The Obama administration, which refuses to send terrorism suspects to the detention center at Guantanamo Bay Naval Base, on Wednesday defended its decision to interrogate a detainee for two months aboard a U.S. Navy ship, outside the reach of American law.
“He was detained lawfully, under the law of war, aboard a Navy ship until his transfer to the U.S. for prosecution,” presidential spokesman Jay Carney said.
But a leading critic of the administration’s handling of detainees, Sen. Lindsey Graham, South Carolina Republican, said the episode demonstrates the problems with Mr.
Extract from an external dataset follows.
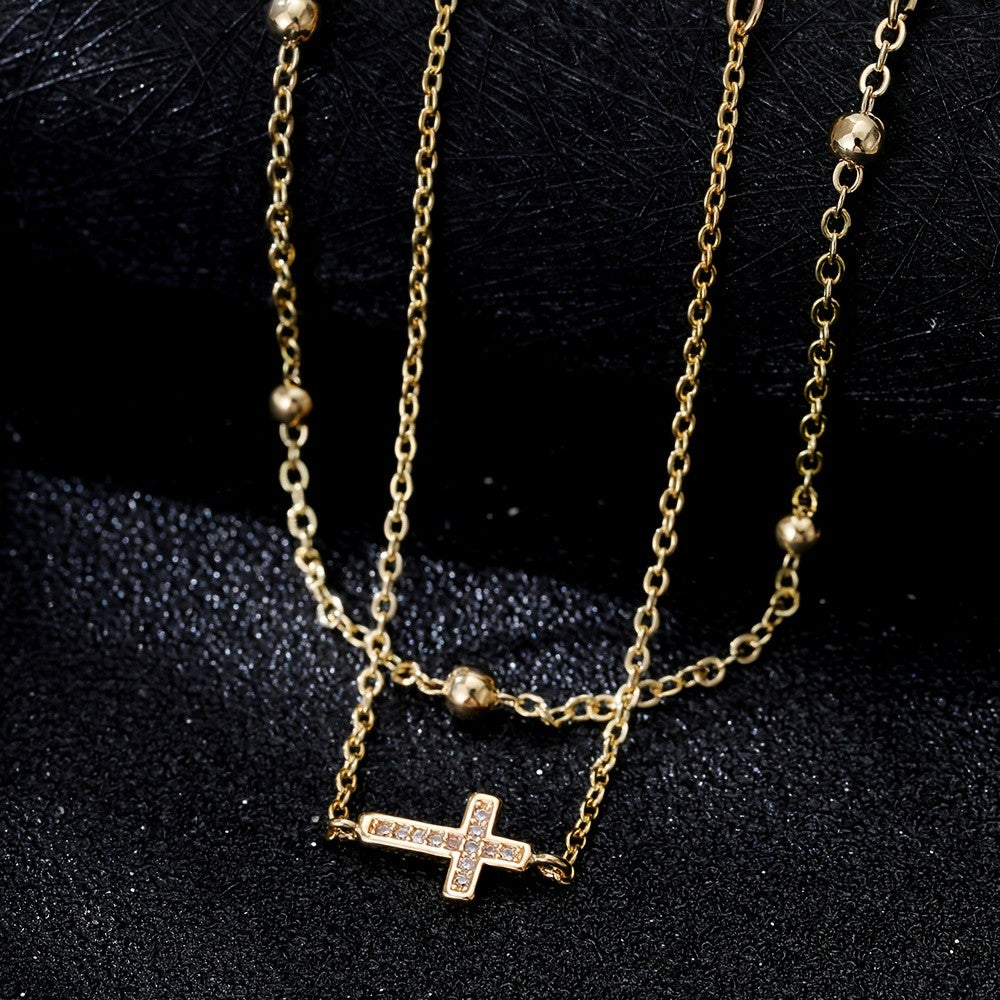 Zircon Cross & Bead Chain Bracelet Set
Obama’s aversion to holding suspects at the center in Cuba.
“They are so afraid to use Gitmo that they are basically making decisions around not having to use Gitmo, rather than what’s best for the country,” Mr. Graham said in an interview with editors and reporters at The Washington Times. “What’s best for the nation is to treat these foreign fighters as enemy combatants.”
The military captured Ahmed Abdulkadir Warsame, 25, a Somali national said to have close associations with Al Qaeda in the Arabian Peninsula, on April 19. He was put aboard a Navy ship in the Persian Gulf region and interrogated at sea by intelligence officials.
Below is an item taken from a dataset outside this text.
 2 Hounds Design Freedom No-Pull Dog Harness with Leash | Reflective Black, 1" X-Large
Under interrogation, Mr. Warsame provided what officials called important intelligence about al Qaeda in Yemen and its relationship with al-Shabab militants in Somalia. Mr. Carney described him as a member of al-Shabab and said the interrogation yielded “very valuable intelligence.”
“Wherever possible, our first priority is and always has been to apprehend terrorism suspects and to preserve the opportunity to elicit the valuable intelligence that can help us protect the American people,” Mr. Carney said. He added that the International Committee of the Red Cross was allowed to visit the Navy vessel “and had an opportunity to interview the detainee aboard the ship.”
Mr. Obama campaigned in 2008 on the promise to close the detention facility at Guantanamo Bay. He was highly critical of the prison and of the Bush administration’s permission to use “enhanced” interrogation techniques on a few high-profile Al Qaeda detainees.
Two days after taking office, Mr. Obama signed an executive order directing the military to close Guantanamo Bay by January 2010. The president also closed CIA-operated “black sites” where detainees were interrogated overseas.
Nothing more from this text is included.